Wybór Oleksego przyjęto owacjami na stojąco.
"Każdemu jest bardzo miło, kiedy spotyka się z taką serdecznością. Nie o karierę tu chodzi i stanowiska, bo mam ich za sobą wiele. Może nie tylko za sobą" - powiedział Oleksy po ogłoszeniu wyników wyborów.
Dodał, że dla niego liczy się przede wszystkim to, że czuje, iż okazane mu poparcie i zaufanie jest szczere.
"To dobry dzień dla mazowieckiego SLD i dla całego Sojuszu" - tak premier Leszek Miller skomentował wybór Józefa Oleksego.
Jak dodał, "doradzał Józefowi", aby podjął się on pełnienia tej funkcji.
"Bardzo się cieszę, że Józef się zdecydował" - podkreślił premier.
W jego ocenie, wybór Oleksego daje szansę na podjęcie przez niego próby realizacji tej wizji organizacji, w której ważne są wartości i to, czym powinna być współczesna socjaldemokracja.

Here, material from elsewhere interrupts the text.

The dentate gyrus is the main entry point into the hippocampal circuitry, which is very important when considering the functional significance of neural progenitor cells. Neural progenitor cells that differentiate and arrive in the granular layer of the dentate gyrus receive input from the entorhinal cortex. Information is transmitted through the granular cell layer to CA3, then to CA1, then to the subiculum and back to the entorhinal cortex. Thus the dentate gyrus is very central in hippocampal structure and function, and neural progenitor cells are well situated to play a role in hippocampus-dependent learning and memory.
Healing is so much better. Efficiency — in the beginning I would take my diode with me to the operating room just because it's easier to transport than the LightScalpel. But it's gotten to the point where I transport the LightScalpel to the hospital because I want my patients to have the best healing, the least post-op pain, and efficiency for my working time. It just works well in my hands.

Miller podkreślił także, że Józef Oleksy jest dobrym przykładem, jak można pokonać rozmaite trudności i jak można się otrząsnąć z sytuacji beznadziejnej.
Stanowisko szefa mazowieckiego SLD wakowało od 24 czerwca, gdy ówczesny szef Mariusz Łapiński został usunięty z SLD za to, że nie zapobiegł napaści na fotoreportera.